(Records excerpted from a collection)
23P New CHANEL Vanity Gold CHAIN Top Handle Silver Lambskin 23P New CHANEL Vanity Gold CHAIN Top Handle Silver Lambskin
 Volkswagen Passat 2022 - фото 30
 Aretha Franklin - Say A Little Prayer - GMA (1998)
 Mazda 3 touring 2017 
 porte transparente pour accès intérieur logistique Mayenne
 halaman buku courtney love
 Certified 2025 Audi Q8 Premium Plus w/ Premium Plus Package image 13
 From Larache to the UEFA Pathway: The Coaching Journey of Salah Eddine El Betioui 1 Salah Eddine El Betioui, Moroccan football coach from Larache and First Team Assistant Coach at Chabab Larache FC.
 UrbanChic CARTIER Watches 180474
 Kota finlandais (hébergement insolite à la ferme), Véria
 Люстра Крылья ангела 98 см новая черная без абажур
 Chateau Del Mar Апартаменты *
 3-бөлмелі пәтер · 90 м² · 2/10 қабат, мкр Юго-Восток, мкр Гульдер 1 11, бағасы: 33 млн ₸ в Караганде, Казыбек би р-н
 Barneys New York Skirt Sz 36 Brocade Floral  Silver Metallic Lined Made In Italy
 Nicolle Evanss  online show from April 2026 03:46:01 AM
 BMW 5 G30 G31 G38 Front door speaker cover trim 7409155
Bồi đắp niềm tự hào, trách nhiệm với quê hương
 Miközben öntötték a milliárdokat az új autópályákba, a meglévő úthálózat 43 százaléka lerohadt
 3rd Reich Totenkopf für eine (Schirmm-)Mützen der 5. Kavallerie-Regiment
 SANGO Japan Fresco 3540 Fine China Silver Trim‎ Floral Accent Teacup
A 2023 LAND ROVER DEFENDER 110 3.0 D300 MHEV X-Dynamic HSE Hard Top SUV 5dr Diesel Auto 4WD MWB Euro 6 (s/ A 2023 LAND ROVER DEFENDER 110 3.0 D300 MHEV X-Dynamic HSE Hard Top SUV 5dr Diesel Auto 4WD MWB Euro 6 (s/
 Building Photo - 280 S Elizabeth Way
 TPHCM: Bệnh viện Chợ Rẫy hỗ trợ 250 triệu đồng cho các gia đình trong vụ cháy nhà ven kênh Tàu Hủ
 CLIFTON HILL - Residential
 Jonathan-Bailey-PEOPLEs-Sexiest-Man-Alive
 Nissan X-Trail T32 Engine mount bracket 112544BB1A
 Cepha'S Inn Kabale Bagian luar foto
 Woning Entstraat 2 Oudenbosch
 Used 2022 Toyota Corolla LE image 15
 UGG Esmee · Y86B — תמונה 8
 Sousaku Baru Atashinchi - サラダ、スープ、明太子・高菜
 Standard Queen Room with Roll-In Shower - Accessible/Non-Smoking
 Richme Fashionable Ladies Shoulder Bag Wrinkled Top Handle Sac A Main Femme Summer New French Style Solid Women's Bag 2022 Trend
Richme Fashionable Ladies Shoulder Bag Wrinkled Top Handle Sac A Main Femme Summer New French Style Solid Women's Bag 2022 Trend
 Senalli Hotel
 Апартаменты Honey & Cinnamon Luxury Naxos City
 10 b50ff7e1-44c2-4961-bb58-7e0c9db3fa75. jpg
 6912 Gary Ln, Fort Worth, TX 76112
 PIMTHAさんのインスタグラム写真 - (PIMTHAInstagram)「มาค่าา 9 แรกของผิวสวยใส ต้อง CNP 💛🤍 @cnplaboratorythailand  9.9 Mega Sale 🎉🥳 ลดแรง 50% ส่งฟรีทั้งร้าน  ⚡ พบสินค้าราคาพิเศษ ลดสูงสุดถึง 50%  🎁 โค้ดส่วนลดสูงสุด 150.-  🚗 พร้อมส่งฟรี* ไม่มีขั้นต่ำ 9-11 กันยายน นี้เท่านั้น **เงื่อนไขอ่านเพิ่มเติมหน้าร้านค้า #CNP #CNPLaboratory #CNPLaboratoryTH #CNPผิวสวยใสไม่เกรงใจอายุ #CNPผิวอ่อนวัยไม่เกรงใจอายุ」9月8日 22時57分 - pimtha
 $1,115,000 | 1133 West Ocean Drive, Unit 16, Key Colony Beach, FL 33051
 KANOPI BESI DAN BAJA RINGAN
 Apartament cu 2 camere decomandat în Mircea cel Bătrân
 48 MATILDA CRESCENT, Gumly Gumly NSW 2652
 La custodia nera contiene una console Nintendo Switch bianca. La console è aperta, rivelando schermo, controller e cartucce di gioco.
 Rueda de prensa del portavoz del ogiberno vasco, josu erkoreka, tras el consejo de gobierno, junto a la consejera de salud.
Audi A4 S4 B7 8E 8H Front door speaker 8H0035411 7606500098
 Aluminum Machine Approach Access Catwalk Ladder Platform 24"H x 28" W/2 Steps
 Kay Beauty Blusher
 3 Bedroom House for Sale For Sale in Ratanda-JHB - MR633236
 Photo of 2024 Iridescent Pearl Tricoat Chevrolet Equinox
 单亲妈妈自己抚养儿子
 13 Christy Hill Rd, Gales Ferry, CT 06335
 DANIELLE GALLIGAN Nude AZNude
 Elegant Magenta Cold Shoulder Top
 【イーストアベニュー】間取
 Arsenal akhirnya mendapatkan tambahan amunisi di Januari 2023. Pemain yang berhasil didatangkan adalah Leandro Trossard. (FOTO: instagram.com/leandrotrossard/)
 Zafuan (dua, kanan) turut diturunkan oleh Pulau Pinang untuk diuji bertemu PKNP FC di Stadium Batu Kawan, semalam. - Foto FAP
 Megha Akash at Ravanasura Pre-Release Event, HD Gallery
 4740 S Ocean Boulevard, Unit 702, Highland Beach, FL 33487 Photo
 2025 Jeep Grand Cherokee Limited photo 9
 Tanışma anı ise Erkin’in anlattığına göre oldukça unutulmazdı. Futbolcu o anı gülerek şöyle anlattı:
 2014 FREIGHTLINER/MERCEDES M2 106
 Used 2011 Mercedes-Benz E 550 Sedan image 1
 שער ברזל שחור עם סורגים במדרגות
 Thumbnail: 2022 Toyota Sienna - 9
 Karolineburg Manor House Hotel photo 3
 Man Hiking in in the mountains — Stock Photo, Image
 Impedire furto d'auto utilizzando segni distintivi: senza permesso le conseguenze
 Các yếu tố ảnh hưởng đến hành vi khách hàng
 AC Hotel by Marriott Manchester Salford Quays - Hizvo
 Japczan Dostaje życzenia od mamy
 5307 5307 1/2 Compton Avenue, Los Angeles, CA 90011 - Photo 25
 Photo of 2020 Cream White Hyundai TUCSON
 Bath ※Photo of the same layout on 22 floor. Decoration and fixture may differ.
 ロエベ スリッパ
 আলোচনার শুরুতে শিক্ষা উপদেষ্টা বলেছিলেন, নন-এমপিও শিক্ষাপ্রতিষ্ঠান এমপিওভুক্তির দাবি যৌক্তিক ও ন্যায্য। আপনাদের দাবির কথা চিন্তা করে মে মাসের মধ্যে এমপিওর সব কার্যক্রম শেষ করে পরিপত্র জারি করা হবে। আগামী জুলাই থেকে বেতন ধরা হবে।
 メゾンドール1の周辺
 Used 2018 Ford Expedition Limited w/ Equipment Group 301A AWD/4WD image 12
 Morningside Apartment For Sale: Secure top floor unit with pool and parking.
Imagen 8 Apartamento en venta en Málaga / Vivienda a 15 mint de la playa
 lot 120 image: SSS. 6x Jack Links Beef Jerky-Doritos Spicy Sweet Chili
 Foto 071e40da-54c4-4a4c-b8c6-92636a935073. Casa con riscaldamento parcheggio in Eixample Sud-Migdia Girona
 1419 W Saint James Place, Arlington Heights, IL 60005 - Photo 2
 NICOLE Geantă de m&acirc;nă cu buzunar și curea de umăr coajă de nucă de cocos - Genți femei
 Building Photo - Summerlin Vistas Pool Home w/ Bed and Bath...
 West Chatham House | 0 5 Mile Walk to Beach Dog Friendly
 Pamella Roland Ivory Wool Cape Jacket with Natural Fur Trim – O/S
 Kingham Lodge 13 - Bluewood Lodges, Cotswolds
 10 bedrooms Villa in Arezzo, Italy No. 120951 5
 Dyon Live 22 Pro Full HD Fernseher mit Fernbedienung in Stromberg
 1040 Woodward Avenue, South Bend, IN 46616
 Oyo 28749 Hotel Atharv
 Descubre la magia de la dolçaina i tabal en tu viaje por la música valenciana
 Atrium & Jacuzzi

** Task prompt **
Among the entries above, find the line with "Rueda de prensa" and the line with "Megha Akash at"; give again exactly these two lines and all lines between them.

** Task response **
 Rueda de prensa del portavoz del ogiberno vasco, josu erkoreka, tras el consejo de gobierno, junto a la consejera de salud.
Audi A4 S4 B7 8E 8H Front door speaker 8H0035411 7606500098
 Aluminum Machine Approach Access Catwalk Ladder Platform 24"H x 28" W/2 Steps
 Kay Beauty Blusher
 3 Bedroom House for Sale For Sale in Ratanda-JHB - MR633236
 Photo of 2024 Iridescent Pearl Tricoat Chevrolet Equinox
 单亲妈妈自己抚养儿子
 13 Christy Hill Rd, Gales Ferry, CT 06335
 DANIELLE GALLIGAN Nude AZNude
 Elegant Magenta Cold Shoulder Top
 【イーストアベニュー】間取
 Arsenal akhirnya mendapatkan tambahan amunisi di Januari 2023. Pemain yang berhasil didatangkan adalah Leandro Trossard. (FOTO: instagram.com/leandrotrossard/)
 Zafuan (dua, kanan) turut diturunkan oleh Pulau Pinang untuk diuji bertemu PKNP FC di Stadium Batu Kawan, semalam. - Foto FAP
 Megha Akash at Ravanasura Pre-Release Event, HD Gallery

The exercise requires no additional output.